I've done a whole bunch of other stuff too, but I feel like those three incidents show the range of roles you can end up doing for organisations that need the work done and can't always offer payment.

Below are the four main things I have learned while volunteering.

It sucks sometimes

 

I've spent more than one morning alone surrounded by dozens of animals run off my feet trying to clean up after them. Sometimes when you're doing a job people don't get paid for its hard to get shifts filled and you end up alone.

It's hard work and never quite feels like it's going to let up, but you keep going because if you don't get it done either somebody who gets paid to do another job will do it, or it won't get done.

It can also often be heartbreaking. I spent three days after the February 2011 earthquake digging silt with the Student Volunteer Army in what's now the red zone. It was backbreaking and dirty, mucky stuff, that always ended in me having to scrub black silt out from under my fingernails.

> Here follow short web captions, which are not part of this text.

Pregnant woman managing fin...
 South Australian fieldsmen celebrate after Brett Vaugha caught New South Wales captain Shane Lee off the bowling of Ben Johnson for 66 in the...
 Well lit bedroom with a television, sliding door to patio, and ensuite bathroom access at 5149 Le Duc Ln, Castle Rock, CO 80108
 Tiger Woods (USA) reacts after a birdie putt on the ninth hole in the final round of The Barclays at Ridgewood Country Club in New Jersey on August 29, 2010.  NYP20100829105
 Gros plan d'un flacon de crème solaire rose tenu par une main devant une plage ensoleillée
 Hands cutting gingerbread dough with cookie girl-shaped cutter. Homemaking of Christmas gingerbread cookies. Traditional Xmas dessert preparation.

One of the standout memories from that week is standing next to an elderly resident as she counted the cracks in her home's foundation, wondering if this house was safe to still be in. I never saw her again after that day, but I hope she had support with her during the weeks, months and years after the quake because her house did not look in good shape.

It rules sometimes

 

Nearly 10 years on my other memory is rolling into the red zone with other members of the SVA to cheers from the locals. It felt really good to be helping out in, what was for some of them, quite literally a shitty time, even if all we could do is get the mud and sand that littered their streets out of their back gardens.

So yeah, it was heartbreaking and I couldn't decide if I hated being in charge of a spade or wheelbarrow more, but at least I felt like I was getting something done at a time when most of the city was stuck with the trauma of a very recent natural disaster.

Students with shovels and wheelbarrows digging silt off the street.
Canterbury University students clean up the streets after the earthquake. Photo credit: Getty

In my current volunteer role if we have enough people on I get a couple of quiet minutes to just hang out with the animals. It's a shelter, but they need socialisation and I am happy to give it, so that's a nice time and makes up for the hours you spend up to your elbows in dishes and dirty litter trays.

Empathy will drive you, but you need to keep it in check

 

Compassion fatigue is a thing. It used to be mostly felt among health professionals, but I was genuinely warned about it when I started my current volunteer role. You need to avoid getting mentally burnt out dealing with sad stuff.

That being said, it's really hard to avoid going over the top, getting emotionally attached to every animal, taking on every shift you can so things aren't too understaffed and spending your time between shifts thinking about what you left behind.

But you can't give your best if you're burnt out and caring for 10 pets you adopted because you felt sorry for them.  You have to find a balance and trust that yes, it seems hard now, but it will be hard next month, too, and you need to focus on what you can give within your limitations.

Charities have like no money

 

I'm always shocked at what lengths charities go to in order to save a bit of coin. Particularly in the area of animal care, when ensuring an animal has the correct food can be extremely expensive.

Everything is reused or recycled until it can't be used anymore, with some broken items repurposed for a new use rather than thrown out. Nobody misses out, but it's a far cry from the shiny corporate world.

What amazed me at my organisation was the sheer range of work that needs to be done and is taken up by volunteers. I can't imagine the organisation being able to switch the workforce over to paid in a hurry.

In fact, the CEO of the SPCA told me this herself about a year ago for a story.

"We rely so heavily on our volunteers in all areas of the organisation," Andrea Midgen said.

"They are the backbone of the organisation. We truly wouldn’t be able to run the SPCA without them."

So maybe it's worth finding out if a charity near you needs a hand.

Katie Fitzgerald is a Digital News Producer for Newshub and has worked in volunteer roles for several years.